--- Captioned web image data ---

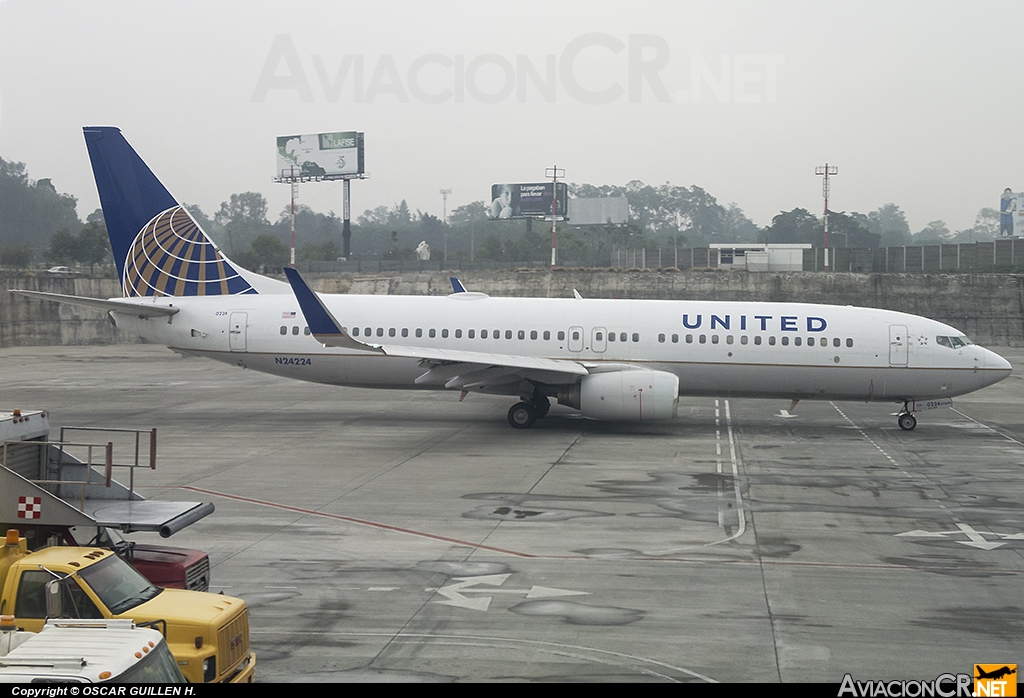 N24224 - Boeing 737-824 - United Airlines
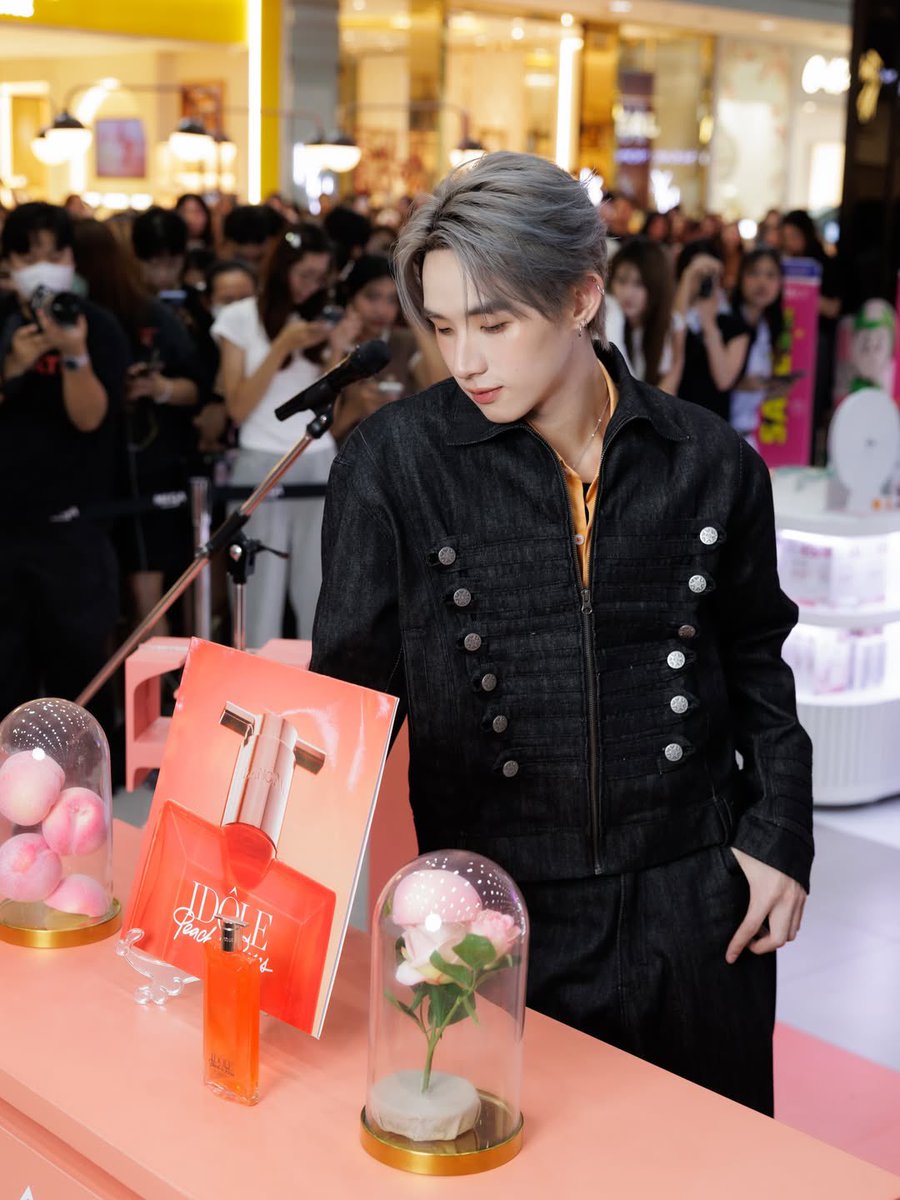 nuthongph's tweet photo. ♡₊˚🍦   ・₊✧  
IG Post Update [20-06-26]
⤷ ゛ @hongshihoshi03 ˎˊ˗

Mamacita, you're my Idôle type, I'm in love with you 🧡🍑🌹

#IdolePeachnRoses #IdolebyLancome #LancomeFragrance #LancomeThailand
@lancomeofficial

#nnutdan #NutHong #NutHongPH https://t.co/77Q8TaWlls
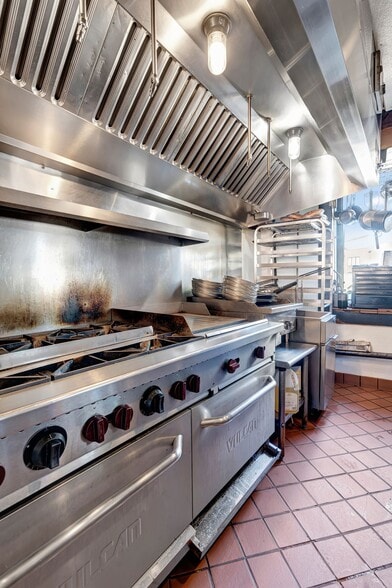 More Photos Of 1017 Woodland St, Nashville Freestanding For Sale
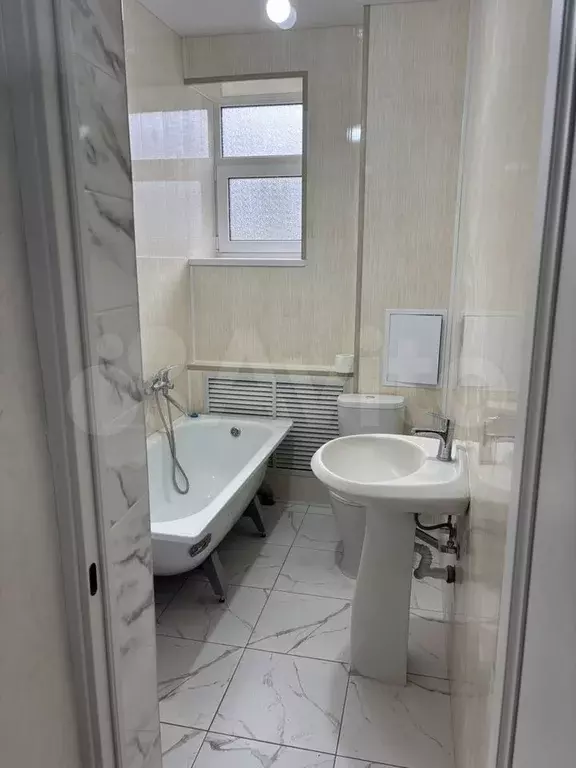 2-к. квартира, 44 м, 1/1 эт. - Фото 1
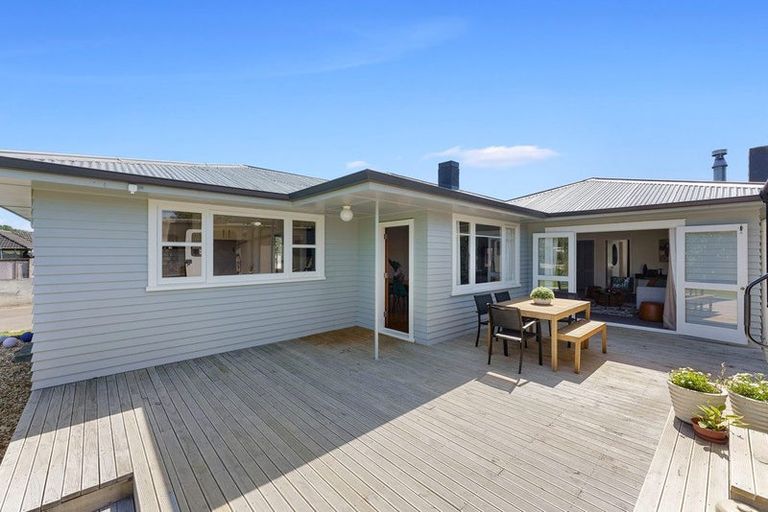 Photo of property in 310 Te Moana Road, Waikanae, 5036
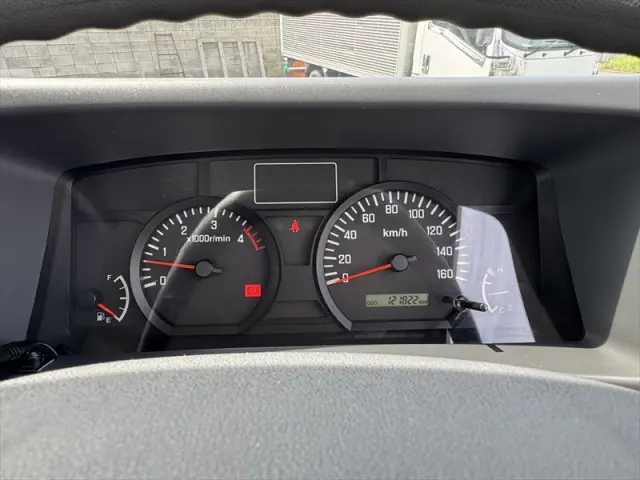 いすゞ エルフ TKG-NKR85YN(2WD)の写真44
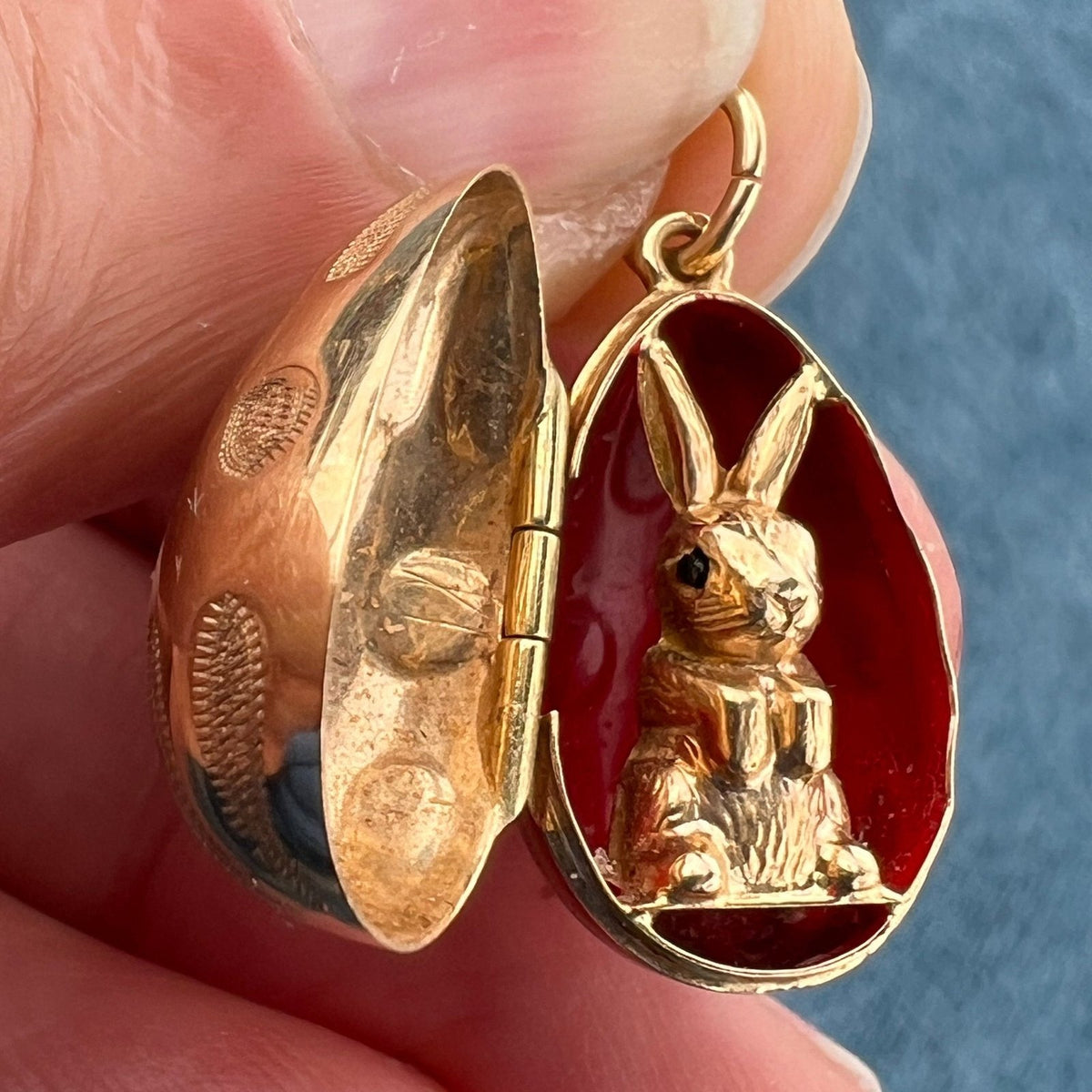 14k Gold Polka-Dot Easter Egg + Bunny Rabbit Pendant. Opens!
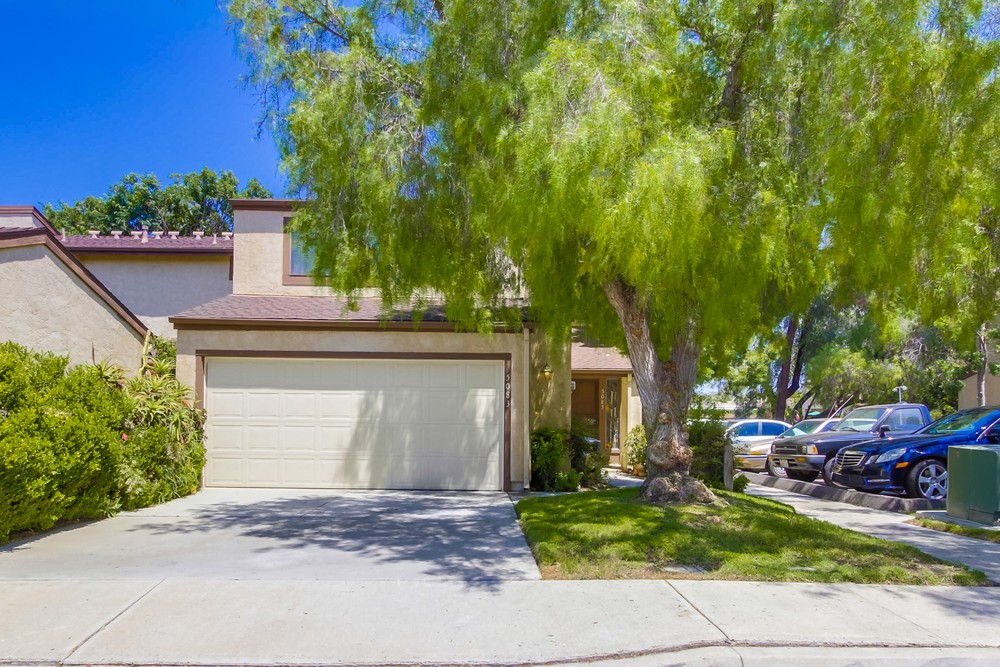 Virtual tour photo 3 of 42 for 5083 Lambert Ln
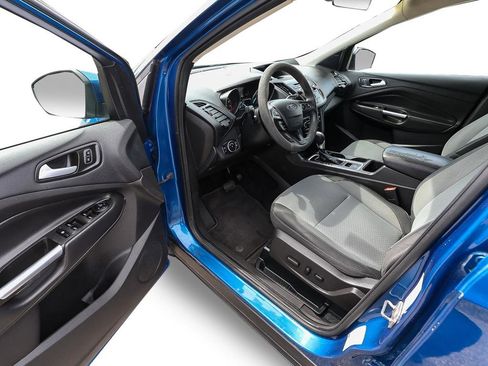 Used 2017 Ford Escape SE FWD image 11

--- ABOUT THIS TASK ---
Your answer must be exactly the lines from the one with "2-к. квартира, 44 м, 1/1 эт. - Фото 1" through the last line of the entries, both included, with no pictures; please add nothing else.

--- EXERCISE RESULT ---
 2-к. квартира, 44 м, 1/1 эт. - Фото 1
 Photo of property in 310 Te Moana Road, Waikanae, 5036
 いすゞ エルフ TKG-NKR85YN(2WD)の写真44
 14k Gold Polka-Dot Easter Egg + Bunny Rabbit Pendant. Opens!
 Virtual tour photo 3 of 42 for 5083 Lambert Ln
 Used 2017 Ford Escape SE FWD image 11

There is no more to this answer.